◆ THE PROBLEM: Transcribe the lines of the records starting with the one that has "Soil water is" in it and ending with the last, and transcribe nothing else.
GIVEN DATA below:
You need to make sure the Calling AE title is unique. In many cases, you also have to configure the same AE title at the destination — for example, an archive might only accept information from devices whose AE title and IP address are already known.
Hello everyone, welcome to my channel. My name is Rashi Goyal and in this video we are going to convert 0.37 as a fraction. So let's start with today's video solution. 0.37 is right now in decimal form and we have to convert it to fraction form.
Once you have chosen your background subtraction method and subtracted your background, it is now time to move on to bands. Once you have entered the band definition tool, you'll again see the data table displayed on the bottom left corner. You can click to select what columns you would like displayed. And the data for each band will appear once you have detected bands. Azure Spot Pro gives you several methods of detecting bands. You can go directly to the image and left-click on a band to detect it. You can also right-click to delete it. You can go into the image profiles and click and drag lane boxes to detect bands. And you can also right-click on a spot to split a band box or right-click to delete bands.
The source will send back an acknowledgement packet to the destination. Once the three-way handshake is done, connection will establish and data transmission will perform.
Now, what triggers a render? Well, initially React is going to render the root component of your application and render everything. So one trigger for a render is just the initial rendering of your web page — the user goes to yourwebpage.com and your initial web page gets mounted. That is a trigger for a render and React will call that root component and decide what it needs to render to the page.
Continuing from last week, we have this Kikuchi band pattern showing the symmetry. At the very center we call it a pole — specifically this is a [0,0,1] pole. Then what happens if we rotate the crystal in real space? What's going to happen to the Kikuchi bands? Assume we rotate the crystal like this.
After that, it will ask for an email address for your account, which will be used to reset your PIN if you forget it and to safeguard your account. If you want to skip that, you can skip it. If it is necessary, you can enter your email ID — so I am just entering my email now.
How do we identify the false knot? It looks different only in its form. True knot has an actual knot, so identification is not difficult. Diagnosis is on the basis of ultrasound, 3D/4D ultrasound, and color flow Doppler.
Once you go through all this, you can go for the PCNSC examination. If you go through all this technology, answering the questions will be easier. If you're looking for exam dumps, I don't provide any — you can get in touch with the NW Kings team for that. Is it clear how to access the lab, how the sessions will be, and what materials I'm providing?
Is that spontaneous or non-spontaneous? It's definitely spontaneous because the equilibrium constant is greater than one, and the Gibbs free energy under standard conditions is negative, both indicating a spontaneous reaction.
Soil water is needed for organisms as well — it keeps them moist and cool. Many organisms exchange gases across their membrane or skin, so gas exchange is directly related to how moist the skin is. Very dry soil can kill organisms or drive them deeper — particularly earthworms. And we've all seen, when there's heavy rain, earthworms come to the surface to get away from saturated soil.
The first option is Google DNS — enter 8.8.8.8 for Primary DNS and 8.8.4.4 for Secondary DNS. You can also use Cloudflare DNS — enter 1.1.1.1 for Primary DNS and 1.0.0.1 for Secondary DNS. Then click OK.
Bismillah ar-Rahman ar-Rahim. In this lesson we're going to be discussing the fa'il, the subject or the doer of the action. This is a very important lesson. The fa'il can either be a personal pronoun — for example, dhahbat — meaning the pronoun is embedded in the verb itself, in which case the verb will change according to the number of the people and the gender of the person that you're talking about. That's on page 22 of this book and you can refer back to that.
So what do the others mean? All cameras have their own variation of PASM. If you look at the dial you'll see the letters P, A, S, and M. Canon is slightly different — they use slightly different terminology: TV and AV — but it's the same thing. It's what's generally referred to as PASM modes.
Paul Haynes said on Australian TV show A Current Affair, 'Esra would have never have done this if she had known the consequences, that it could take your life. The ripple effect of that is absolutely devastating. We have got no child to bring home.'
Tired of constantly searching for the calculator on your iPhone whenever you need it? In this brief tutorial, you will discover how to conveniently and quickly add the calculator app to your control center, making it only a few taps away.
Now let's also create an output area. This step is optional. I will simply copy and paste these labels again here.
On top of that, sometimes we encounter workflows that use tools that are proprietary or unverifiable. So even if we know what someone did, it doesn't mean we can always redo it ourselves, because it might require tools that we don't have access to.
End of GIVEN DATA.
◆ SOLUTION TO THIS PROBLEM:
Soil water is needed for organisms as well — it keeps them moist and cool. Many organisms exchange gases across their membrane or skin, so gas exchange is directly related to how moist the skin is. Very dry soil can kill organisms or drive them deeper — particularly earthworms. And we've all seen, when there's heavy rain, earthworms come to the surface to get away from saturated soil.
The first option is Google DNS — enter 8.8.8.8 for Primary DNS and 8.8.4.4 for Secondary DNS. You can also use Cloudflare DNS — enter 1.1.1.1 for Primary DNS and 1.0.0.1 for Secondary DNS. Then click OK.
Bismillah ar-Rahman ar-Rahim. In this lesson we're going to be discussing the fa'il, the subject or the doer of the action. This is a very important lesson. The fa'il can either be a personal pronoun — for example, dhahbat — meaning the pronoun is embedded in the verb itself, in which case the verb will change according to the number of the people and the gender of the person that you're talking about. That's on page 22 of this book and you can refer back to that.
So what do the others mean? All cameras have their own variation of PASM. If you look at the dial you'll see the letters P, A, S, and M. Canon is slightly different — they use slightly different terminology: TV and AV — but it's the same thing. It's what's generally referred to as PASM modes.
Paul Haynes said on Australian TV show A Current Affair, 'Esra would have never have done this if she had known the consequences, that it could take your life. The ripple effect of that is absolutely devastating. We have got no child to bring home.'
Tired of constantly searching for the calculator on your iPhone whenever you need it? In this brief tutorial, you will discover how to conveniently and quickly add the calculator app to your control center, making it only a few taps away.
Now let's also create an output area. This step is optional. I will simply copy and paste these labels again here.
On top of that, sometimes we encounter workflows that use tools that are proprietary or unverifiable. So even if we know what someone did, it doesn't mean we can always redo it ourselves, because it might require tools that we don't have access to.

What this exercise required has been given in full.